2. Modular Prompt System
The prompts/ directory contains reusable prompt components that are imported and combined in generation modules, allowing for consistent quality standards across different generation tasks.
3. Structured Output Generation
All LLM interactions use Pydantic models with the instructor library to ensure consistent, validated output formats using OpenAI's structured output API.
4. Source Tracking via XML Tags
Content is wrapped in XML tags (e.g., <source file="example.ipynb">content</source>) throughout the pipeline to maintain traceability from source files to generated questions.
Technology Stack
- Python 3.8+
- Gradio 5.29.0+: Web-based UI framework
- Pydantic 2.8.0+: Data validation and schema management
- OpenAI 1.52.0+: LLM API integration
- Instructor 1.7.9+: Structured output generation
- nbformat 5.9.2: Jupyter notebook parsing
- python-dotenv 1.0.0: Environment variable management
Data Models
Learning Objectives Progression
The system uses a hierarchical progression of learning objective models:
1. BaseLearningObjectiveWithoutCorrectAnswer
- id: int
- learning_objective: str
- source_reference: Union[List[str], str]
Initial generation without correct answers.
2. BaseLearningObjective
- id: int
- learning_objective: str
- source_reference: Union[List[str], str]
- correct_answer: str
Base objectives with correct answers added.
3. LearningObjective
- id: int
- learning_objective: str
- source_reference: Union[List[str], str]
- correct_answer: str
- incorrect_answer_options: Union[List[str], str]
- in_group: Optional[bool]
- group_members: Optional[List[int]]
- best_in_group: Optional[bool]
Enhanced with incorrect answer suggestions and grouping metadata.
4. GroupedLearningObjective
(All fields from LearningObjective)
- in_group: bool (required)
- group_members: List[int] (required)
- best_in_group: bool (required)
Fully grouped and ranked objectives.
Question Models Progression
1. MultipleChoiceOption
- option_text: str
- is_correct: bool
- feedback: str
2. MultipleChoiceQuestion
- id: int
- question_text: str
- options: List[MultipleChoiceOption]
- learning_objective_id: int
- learning_objective: str
- correct_answer: str
- source_reference: Union[List[str], str]
- judge_feedback: Optional[str]
- approved: Optional[bool]
3. RankedMultipleChoiceQuestion
(All fields from MultipleChoiceQuestion)
- rank: int
- ranking_reasoning: str
- in_group: bool
- group_members: List[int]
- best_in_group: bool
4. Assessment
- learning_objectives: List[LearningObjective]

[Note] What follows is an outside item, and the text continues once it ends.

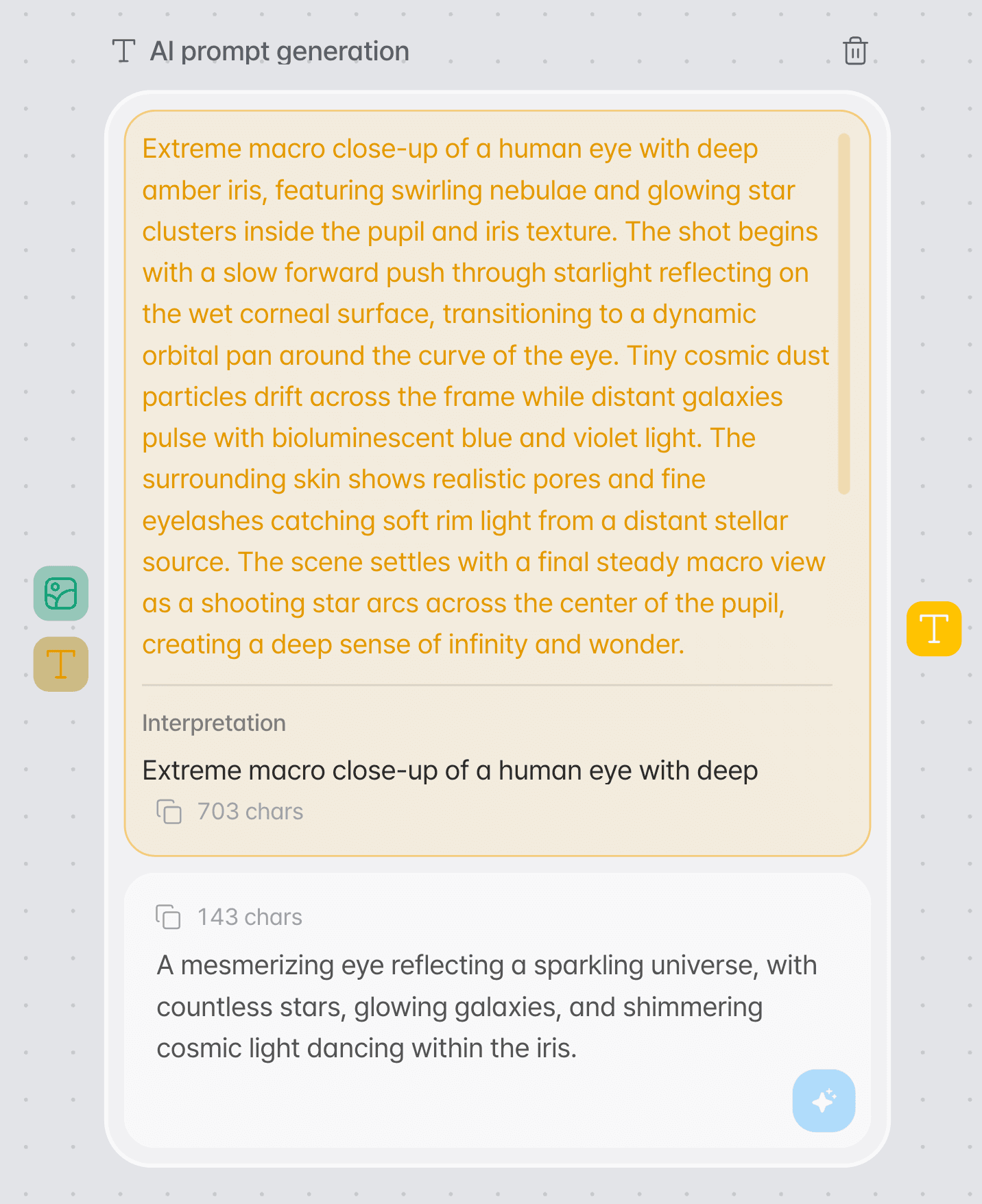 An AI prompt generation node showing the generated prompt and its interpretation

- questions: List[RankedMultipleChoiceQuestion]
Final output containing both objectives and questions.
Configuration Models
MODELS
Available OpenAI models: ["o3-mini", "o1", "gpt-4.1", "gpt-4o", "gpt-4o-mini", "gpt-4", "gpt-3.5-turbo", "gpt-5", "gpt-5-mini", "gpt-5-nano"]
TEMPERATURE_UNAVAILABLE
Dictionary mapping models to temperature availability (some models like o1, o3-mini, and gpt-5 variants don't support temperature settings).
Application Entry Point
app.py
The root-level entry point that:
- Loads environment variables from
.envfile - Checks for
OPENAI_API_KEYpresence - Creates the Gradio UI via
ui.app.create_ui() - Launches the web interface at
http://127.0.0.1:7860
# Workflow:
load_dotenv() β Check API key β create_ui() β app.launch()
User Interface Structure
ui/app.py - Gradio Interface
The UI is organized into 3 main tabs:
Tab 1: Generate Learning Objectives
Input Components:
- File uploader (accepts
.ipynb,.vtt,.srt) - Number of objectives per run (slider: 1-20, default: 3)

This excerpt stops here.